+++ RECORDS FOR THE TASK

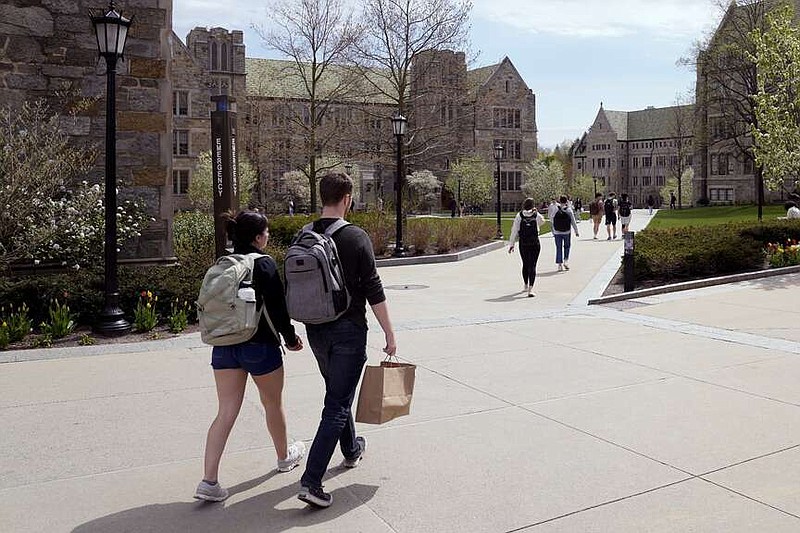 Students walk on the campus of Boston College on April 29, 2024, in Boston. (AP Photo/Charles Krupa, File)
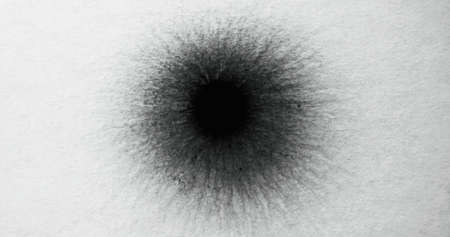 Black paint drop on white paper. Pencil dot stain. Frayed edge texture. Ink splash mark on rough...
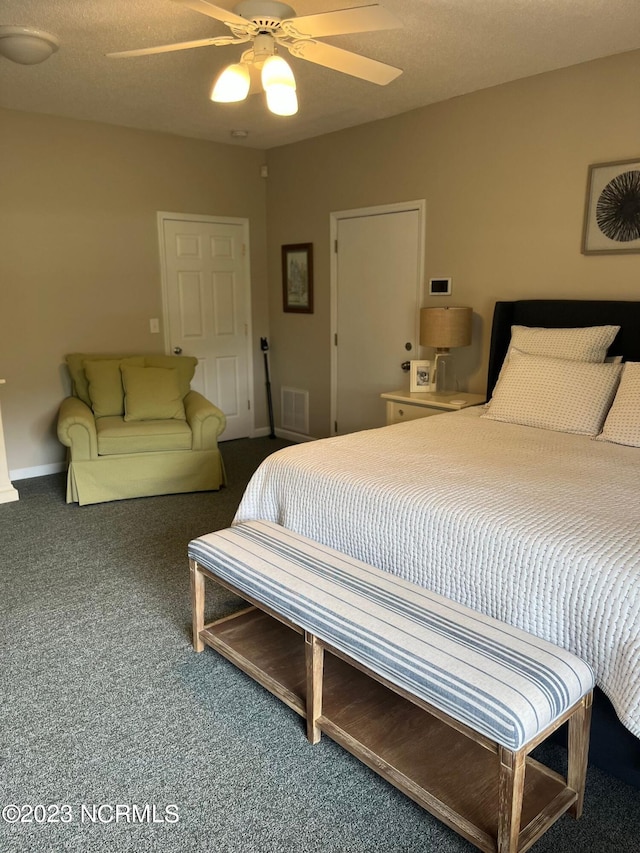 bedroom with carpet, a textured ceiling, and ceiling fan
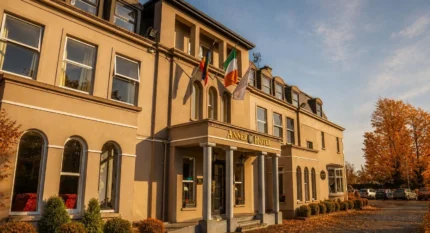 Elegant hotel entrance with flags, autumn trees, and inviting warm light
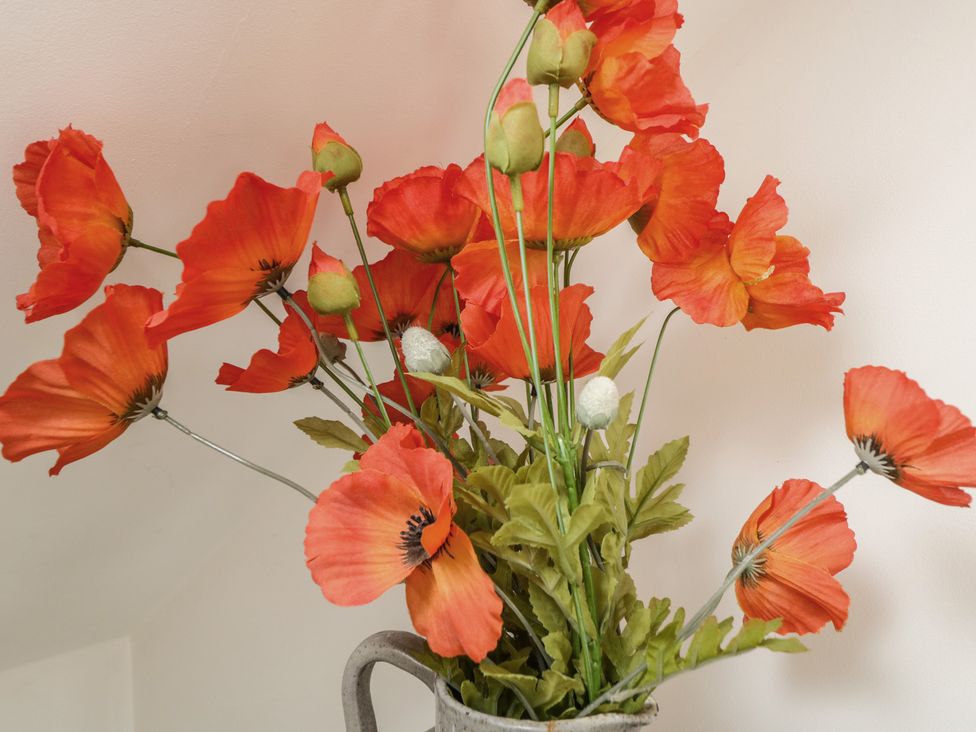 A bouquet of artificial poppies in a vase at The Nest in Meare near Glastonbury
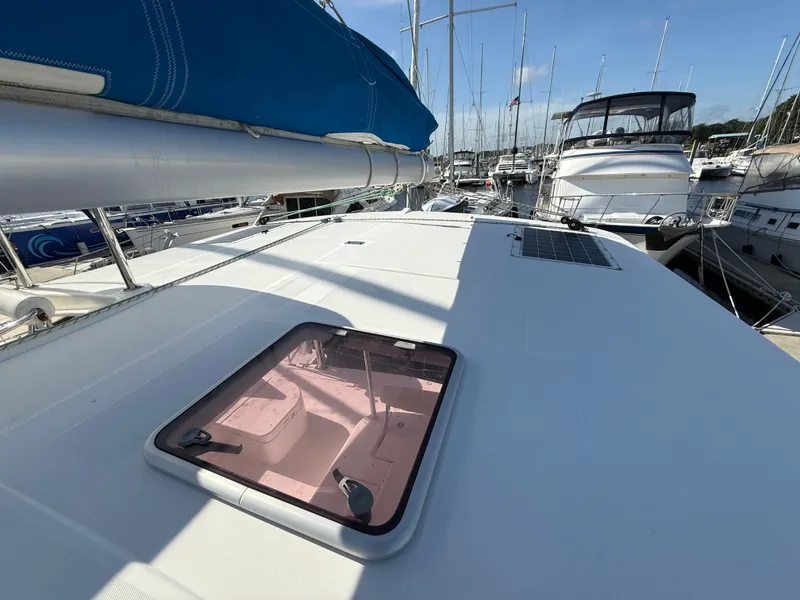 Slide: The Image of 2013 Leopard 44 catamaran deck with hatch, docked in a marina. - 34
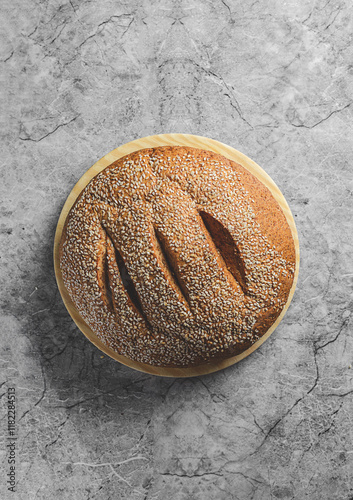 freshly baked round bread with sesame seeds photo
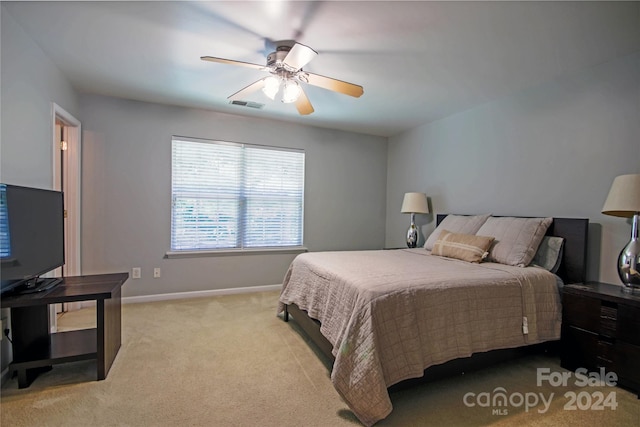 bedroom featuring light carpet and ceiling fan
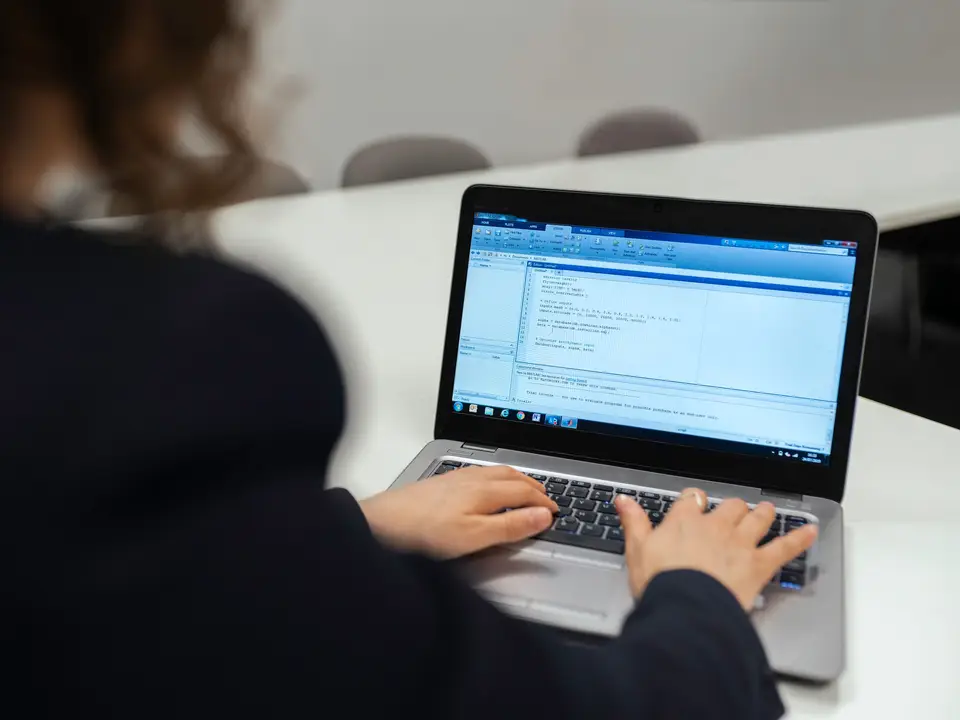 Woman coding on a laptop in a bright office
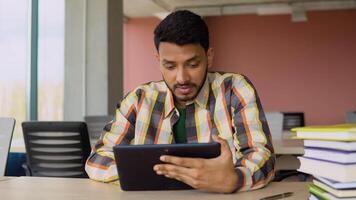 Indian smiling student using a tablet, study a simple Internet course, online learning in the application, write notes, prepare for the exam, watch educational . chat with the teacher video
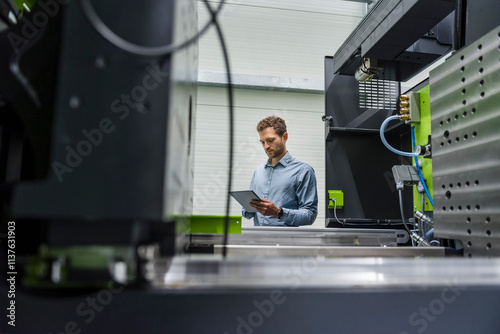 Businessman in high tech company controlling manufacturing machines, using digital tablet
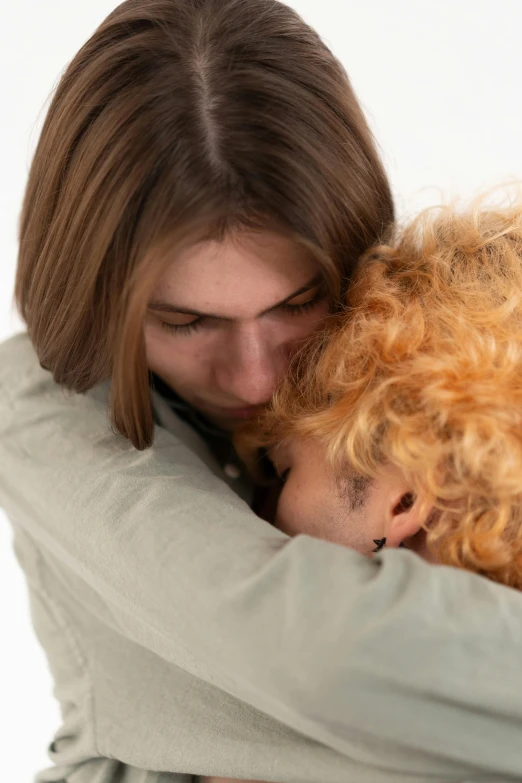 two women with hair that is hugging each other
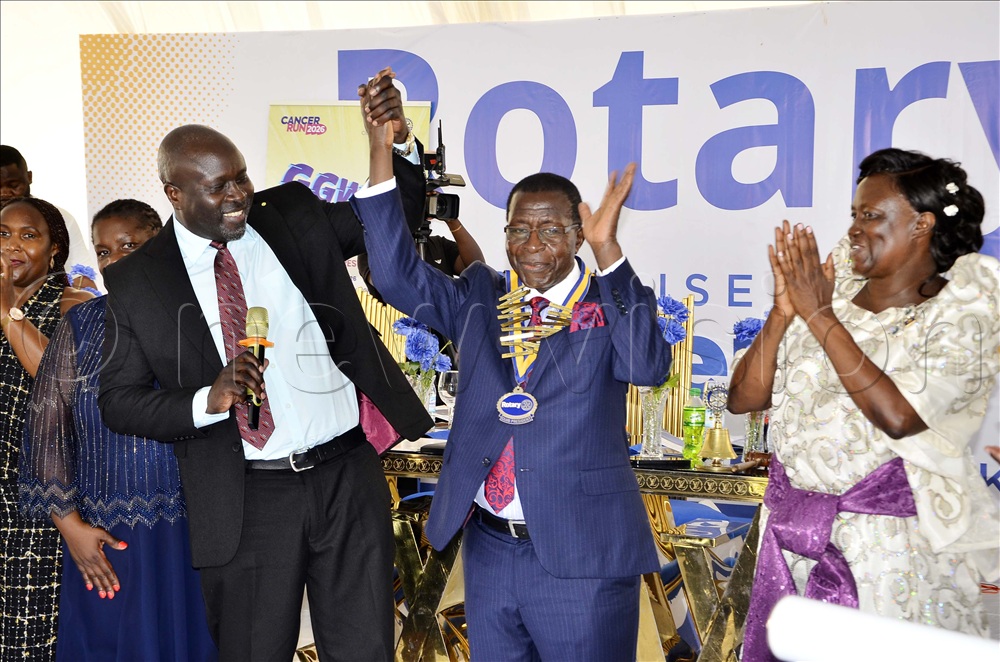 Hodge Semakula (centre) installed as the new president of Kampala Sunrise Rotary Club at his country home in Ndeeba village, Busiika Town Council in Luwero district on 1st May 2026. Looking on from left is Catherine Kijjaggulwe, Kampala Sunrise Rotary Club outgoing president, Gerald Obai, district governor 9213 and Lillibet Semakula.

++++++

EXERCISE INSTRUCTIONS: Nothing but the lines from the line containing "Woman coding on a laptop in a bright office" through the last line of the material may be output, and they must be copied exactly, without pictures.

ANSWER SECTION:
 Woman coding on a laptop in a bright office
 Indian smiling student using a tablet, study a simple Internet course, online learning in the application, write notes, prepare for the exam, watch educational . chat with the teacher video
 Businessman in high tech company controlling manufacturing machines, using digital tablet
 two women with hair that is hugging each other
 Hodge Semakula (centre) installed as the new president of Kampala Sunrise Rotary Club at his country home in Ndeeba village, Busiika Town Council in Luwero district on 1st May 2026. Looking on from left is Catherine Kijjaggulwe, Kampala Sunrise Rotary Club outgoing president, Gerald Obai, district governor 9213 and Lillibet Semakula.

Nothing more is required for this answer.